O cenário constatado pela pesquisa é preocupante. A redução da oferta de alimentos frescos, em um meio marcado por uma inflação de cerca de 40% nos preços de alimentos e bebidas entre 2020 e 2023, favorece o consumo de produtos ultraprocessados e coloca em risco a segurança alimentar e nutricional da população, especialmente em comunidades vulnerabilizadas economicamente.
Um fator adicional é que muitas das famílias afetadas pela enchente tiveram seus eletrodomésticos danificados, o que reduziu a capacidade de armazenar e preparar alimentos in natura, favorecendo a compra de produtos prontos ou não perecíveis, muitas vezes ultraprocessados.
Reconstrução desigual e urgência de ações
O grupo de pesquisa tinha clareza da importância de acompanhar o restabelecimento do comércio de alimentos ao longo do tempo, considerando possíveis diferenças na capacidade de recuperação de acordo com o tamanho, categoria e grupo de estabelecimento, bem como possíveis desigualdades sociais no restabelecimento desse comércio. Um ano depois da enchente, é possível observar que as áreas de maior renda foram as primeiras a serem recuperadas, enquanto comunidades periféricas ainda enfrentam dificuldades para reabrir seus pontos de venda ou reabastecer os estoques. As pesquisadoras pretendem verificar essa hipótese em estudo futuro.

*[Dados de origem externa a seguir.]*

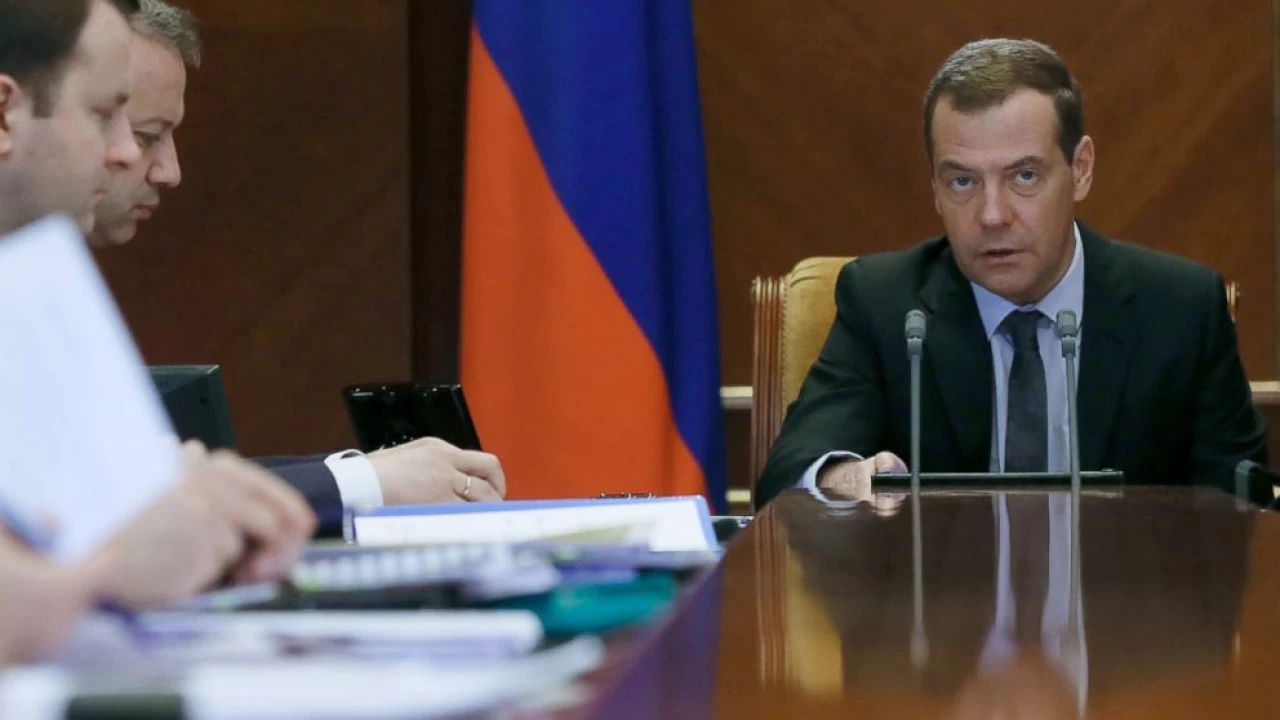 Medvedev'den Trump'a hat�rlatma: 'Rusya, �srail ya da �ran de�il'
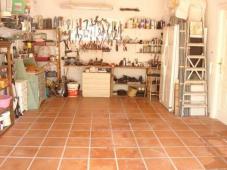 Four bed detached villa
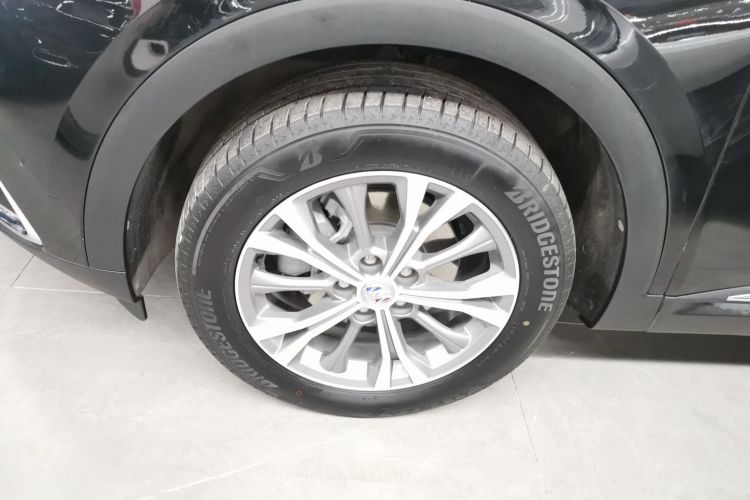 别克 2023款 昂科威Plus 652T 五座四驱豪华型车身外观6002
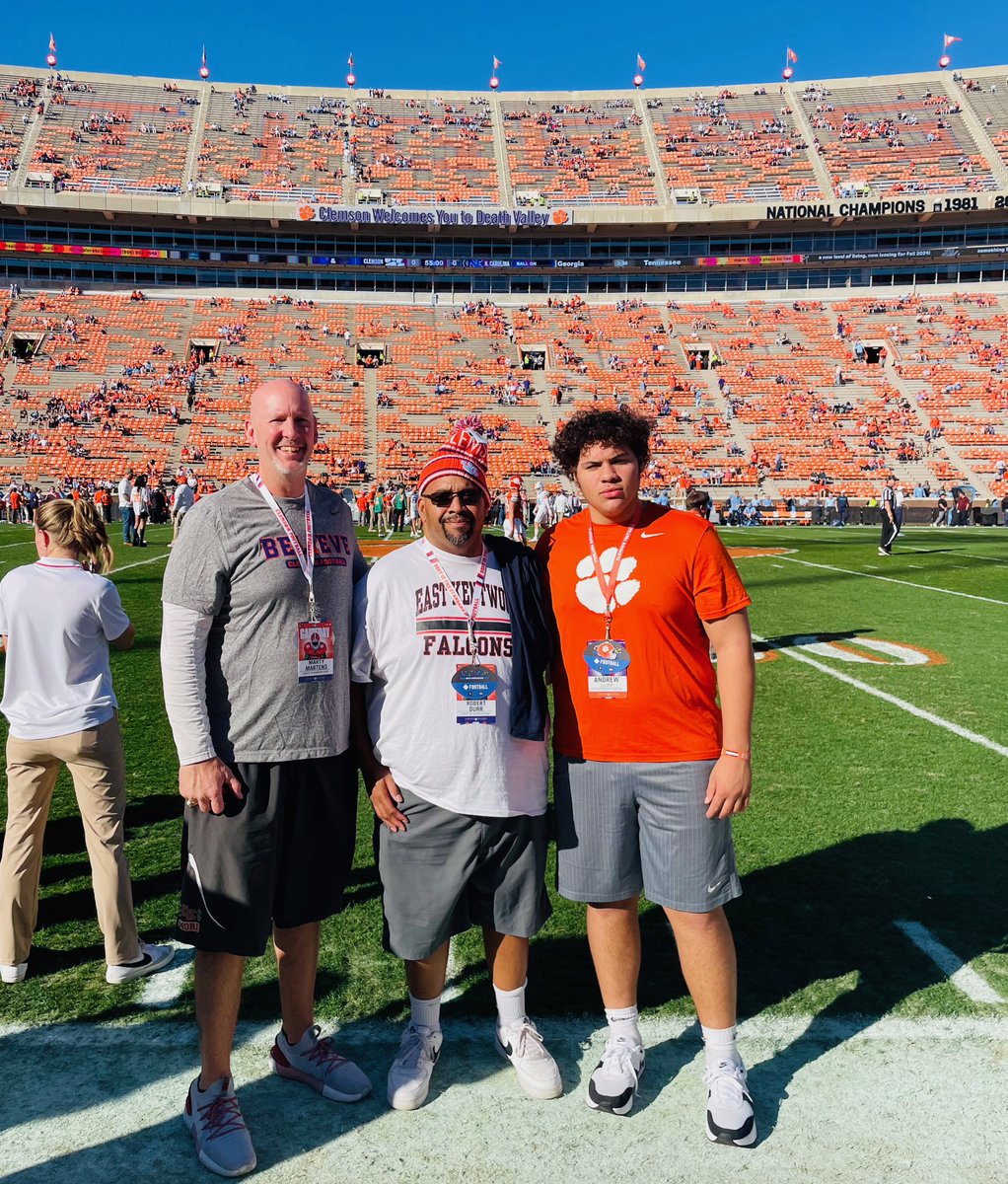 Andrew_Durr53's tweet image. Amazing visit at Clemson University thank you coaches for giving me this opportunity to come down @CoachBatson @ClemsonFB @Coach__TA @marty_martens82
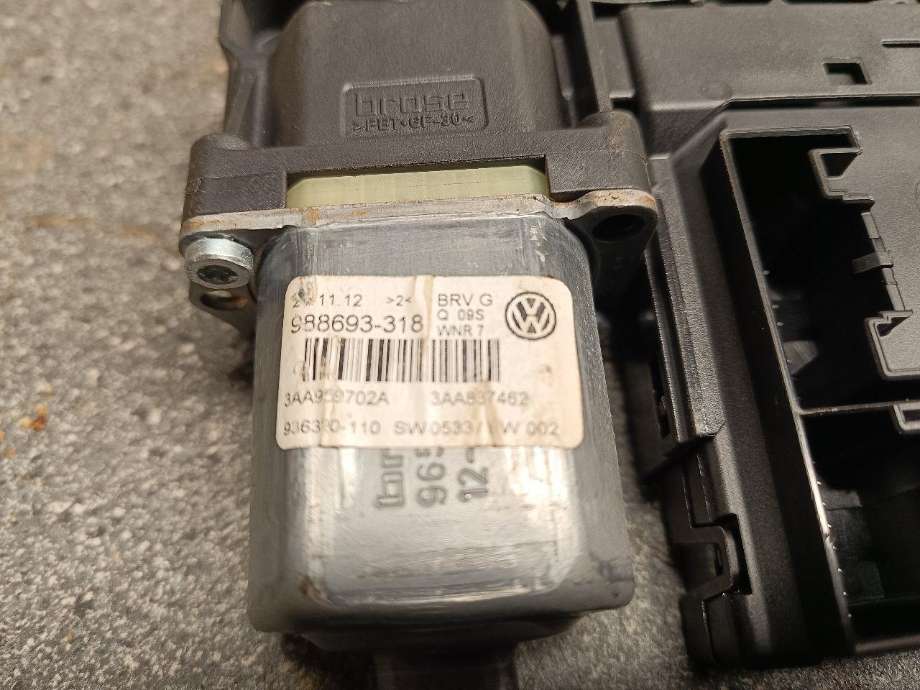 Ruteheis, kun motor, høyre foran til VW Passat 2011-2015 (B7) (B7) (3C0959792C|)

Eventos extremos como as enchentes devem se repetir com mais frequência por causa do aquecimento global. Ondas de calor, chuvas fortes e enchentes já são realidade em muitas regiões do Brasil. Por isso, além de conduzir mais pesquisas sobre seus impactos no sistema alimentar, é imprescindível ter um sistema alimentar forte, com produção local, estoques públicos e planos de emergência, para garantia do direito humano à alimentação adequada e saudável em situações de tragédias como essas. Também é urgente incluir a questão do abastecimento de alimentos nos planos de resposta a desastres.

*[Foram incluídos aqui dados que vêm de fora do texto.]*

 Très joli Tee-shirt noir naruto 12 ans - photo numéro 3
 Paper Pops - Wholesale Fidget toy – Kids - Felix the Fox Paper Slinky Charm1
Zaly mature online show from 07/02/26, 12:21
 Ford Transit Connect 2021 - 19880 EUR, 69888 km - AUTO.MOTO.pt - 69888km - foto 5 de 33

Para garantir que comunidades vulneráveis tenham maior resiliência diante de futuras tragédias e garantir o direito humano à alimentação adequada e saudável em cenários extremos. Isso implica em fortalecer a produção local, diversificar as cadeias de fornecimento e implementar planos de emergência que assegurem o abastecimento contínuo de alimentos, independentemente das condições climáticas ou de infraestrutura.